PART II - (Man in the World)

 
The Story of Stories

 


 

  

"...what is the quintessence of dust?"

by C. Krydz Ikwuemesi.

 

What a piece of work is man!

how noble is reason ! how infinite

and admirable ! in action how like an angle !

in apprehension how like a god! the beauty

of the world ! the paragon of animals!

And yet to me, what is this quintessence

of dust? Man delights me not.

That was Shakespeare expressing his mixed feeling about man through one of his fictitious creations, Hamlet. Like most of his peers and other great thinkers in history, Shakespeare obviously stood in awe of man – himself. He extolled him; he eulogised him; yet he could not understand him. This plurality of emotion about man culminated in a pessimism in Shakespeare, although he was not a misanthrope. I shall return to Shakespeare and his misgivings later. Meanwhile, I should come to man and the vagaries of his existence.

Man is a phenomenon which may never really be understood in its entirety. Inspite of several studies, researches, and innumerable religious quest by man in an attempt to unravel the mystery of his own being, man remains a stranger unto himself. After almost a century of the anthropological enquiry into the nature of man and culture, and inspite of the unprecedented religious revivalism going on around the world today, the question of the origin of man and those of existence and being remain largely unanswered.
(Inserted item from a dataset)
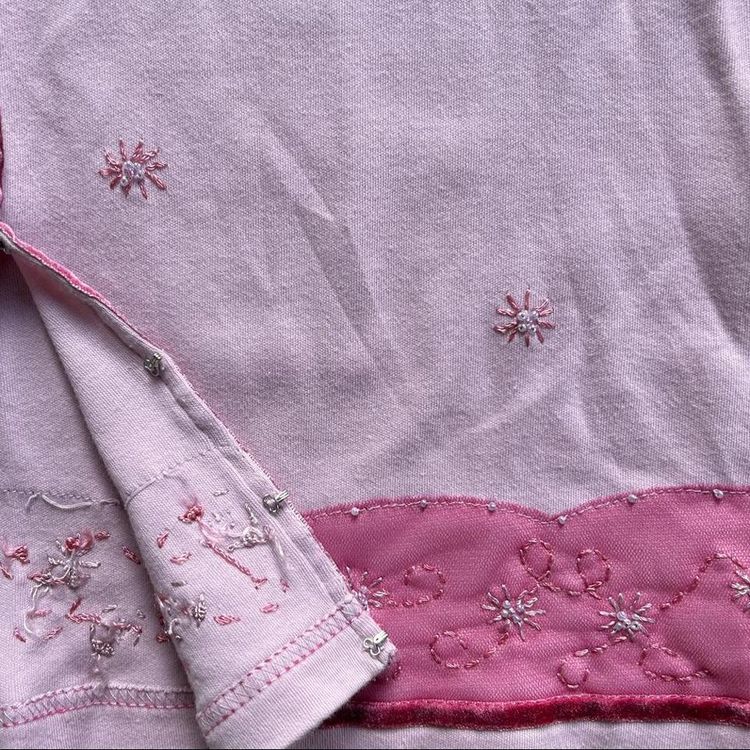 Early 2000s pink long sleeved cardigan top with hook and eye fastenings, velvet ribbon trim and embr image 6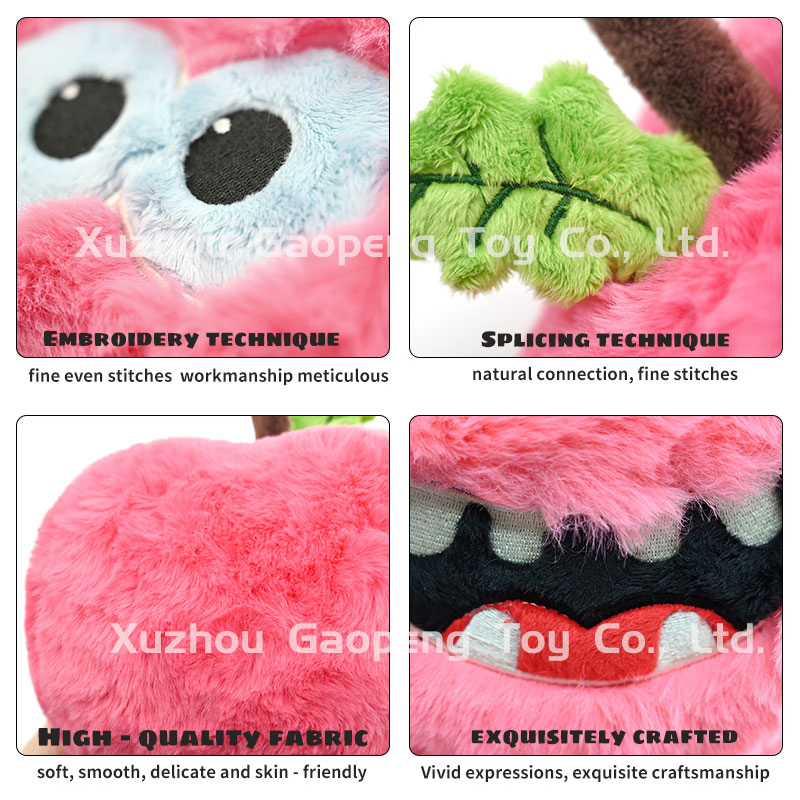 Juguete de peluche monstruo personalizado de OEM, juguete de peluche divertido y feo de manzana para Navidad, animal de peluche personalizado de mascota de empresa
Without being uncomplimentary to modern universal anthropological efforts, and with most profound respect to the visionary authors of the Christian scriptures, one continues to wonder why more apes have not evolved into full-fledged men in recent times and whether Cane, that covetous brother of Abel was a hermaphrodite to the extent that he possessed auto-reproductive powers which gave birth to the ancient world with its attendant astounding traditions and civilisations.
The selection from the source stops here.